Wärmepumpen genießen einen hohen Zuspruch in der Bevölkerung: Etwa 60 000 Stück werden jedes Jahr installiert. Der Trend geht dabei in Richtung Luft/Wasser-Wärmepumpen. Ein Grund für diese seit Jahren zu beobachtende Verschiebung dürfte zum einen auf die verhältnismäßig niedrigen Preise, zum anderen auf die Schadensfälle bei Erdwärmebohrungen zurückzuführen sein. Das wohl bekannteste Beispiel ist Staufen im Breisgau. Dort kam es nach Bohrungen für Erdwärmepumpen in den Jahren 2006 und 2007 zu starken Bodenhebungen im historischen Ortskern mit erheblichen Schäden durch Risse an Gebäuden. Die geschätzte Schadenshöhe liegt bei 50 Mio. Euro. Wie sich herausstellte, hatten einige der Bohrungen versehentlich eine offene Verbindung zwischen der Grundwasserschicht und der Gipskeuperschicht hergestellt. Gipskeuper besteht aus Tonsteinen mit Einlagerungen von Anhydriten. Das eingedrungene Wasser hat sich mit dem Anhydrit zu Gips verbunden. Diese chemische Reaktion ist immer mit einer deutlichen Volumenzunahme verbunden. Unter dem Ortskern von Staufen baute sich ein hoher Druck auf, der das Gelände nach oben hob. Ähnliche Schäden gab es in ganz Deutschland, z. B. in Böblingen, Kamen, Rudersberg und Schorndorf. Die Ursachen lagen nicht immer in einer Hebung des Geländes. Es gibt auch Senkungen, z. B. wenn durch Bohrungen ohnehin im Boden vorhandene Risse vergrößert werden oder Grundwasser abfließt und einen Hohlraum entstehen lässt. Angesichts dieser Risiken stellt sich die Frage, ob Geothermiebohrungen mit den heutigen Methoden überhaupt vertretbar sind.

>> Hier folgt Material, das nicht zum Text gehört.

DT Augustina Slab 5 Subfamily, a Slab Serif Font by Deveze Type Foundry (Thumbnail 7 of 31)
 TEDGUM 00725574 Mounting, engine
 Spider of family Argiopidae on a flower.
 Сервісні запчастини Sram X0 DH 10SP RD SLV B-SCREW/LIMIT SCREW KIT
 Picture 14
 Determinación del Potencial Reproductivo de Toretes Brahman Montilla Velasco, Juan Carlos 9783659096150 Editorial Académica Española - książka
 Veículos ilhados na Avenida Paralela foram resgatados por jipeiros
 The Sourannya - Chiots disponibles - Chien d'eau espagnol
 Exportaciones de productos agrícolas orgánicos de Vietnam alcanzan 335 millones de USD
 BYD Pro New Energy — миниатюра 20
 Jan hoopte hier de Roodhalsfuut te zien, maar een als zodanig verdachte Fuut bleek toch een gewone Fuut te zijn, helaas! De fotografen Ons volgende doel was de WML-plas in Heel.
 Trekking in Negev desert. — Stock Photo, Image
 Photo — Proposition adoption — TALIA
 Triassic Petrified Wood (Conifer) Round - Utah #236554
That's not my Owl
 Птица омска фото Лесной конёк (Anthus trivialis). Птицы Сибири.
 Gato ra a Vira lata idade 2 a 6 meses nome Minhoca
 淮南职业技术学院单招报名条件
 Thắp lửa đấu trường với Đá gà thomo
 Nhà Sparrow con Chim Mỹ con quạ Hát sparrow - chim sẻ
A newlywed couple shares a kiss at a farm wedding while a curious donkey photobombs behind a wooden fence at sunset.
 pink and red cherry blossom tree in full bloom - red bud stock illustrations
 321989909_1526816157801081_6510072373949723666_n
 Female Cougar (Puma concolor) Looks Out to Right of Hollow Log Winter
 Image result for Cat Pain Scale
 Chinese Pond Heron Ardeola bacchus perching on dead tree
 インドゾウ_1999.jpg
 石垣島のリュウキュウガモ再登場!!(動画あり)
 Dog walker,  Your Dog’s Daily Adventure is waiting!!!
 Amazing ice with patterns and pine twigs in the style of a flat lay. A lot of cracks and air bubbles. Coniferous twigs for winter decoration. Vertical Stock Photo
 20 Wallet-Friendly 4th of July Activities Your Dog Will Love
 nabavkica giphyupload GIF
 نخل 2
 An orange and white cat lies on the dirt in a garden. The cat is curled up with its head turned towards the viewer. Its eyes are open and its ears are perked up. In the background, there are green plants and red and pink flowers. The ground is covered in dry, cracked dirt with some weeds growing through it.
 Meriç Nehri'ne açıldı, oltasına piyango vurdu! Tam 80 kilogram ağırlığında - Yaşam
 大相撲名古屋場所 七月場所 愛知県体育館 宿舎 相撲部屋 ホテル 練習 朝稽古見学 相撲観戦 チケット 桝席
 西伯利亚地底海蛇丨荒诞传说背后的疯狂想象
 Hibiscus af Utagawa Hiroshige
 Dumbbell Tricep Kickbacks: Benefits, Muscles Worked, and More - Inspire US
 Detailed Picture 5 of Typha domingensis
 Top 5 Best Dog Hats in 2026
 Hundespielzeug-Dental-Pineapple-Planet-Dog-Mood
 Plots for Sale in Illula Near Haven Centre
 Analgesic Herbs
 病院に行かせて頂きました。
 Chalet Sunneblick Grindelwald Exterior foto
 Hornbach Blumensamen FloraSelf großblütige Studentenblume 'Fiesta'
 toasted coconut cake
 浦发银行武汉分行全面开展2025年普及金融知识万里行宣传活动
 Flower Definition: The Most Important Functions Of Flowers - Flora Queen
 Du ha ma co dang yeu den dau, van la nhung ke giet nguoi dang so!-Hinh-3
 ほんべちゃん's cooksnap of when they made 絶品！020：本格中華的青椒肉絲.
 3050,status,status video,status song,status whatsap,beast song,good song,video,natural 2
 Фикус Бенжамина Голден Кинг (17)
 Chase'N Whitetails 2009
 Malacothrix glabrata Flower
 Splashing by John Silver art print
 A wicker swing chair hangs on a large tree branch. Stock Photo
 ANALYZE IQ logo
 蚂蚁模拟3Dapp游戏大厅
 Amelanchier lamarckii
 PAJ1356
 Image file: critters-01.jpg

Prof. Dr. habil. Christoph Treskatis, apl. Professor am IWAR der TU Darmstadt

 

Pro

Seit dem Bekanntwerden von Schadensfällen im Zusammenhang von Erdwärmesonden wächst die Verunsicherung in der Bevölkerung. Die Eintrittswahrscheinlichkeit eines Schadensfalls durch eine Erdwärmesondenbohrung in Baden-Württemberg liegt jedoch bei weniger als 0,002 %. Im Vergleich dazu ist die Wahrscheinlichkeit eines schweren nuklearen Unfalls in einem Kernreaktor 10-mal höher und liegt weltweit bei 0,02 %. Die Ursachen für die Schadensfälle aber lassen sich eingrenzen und können durch eine nachhaltige Qualitätssicherung und durch eine lokale Tiefenbeschränkung vermieden werden.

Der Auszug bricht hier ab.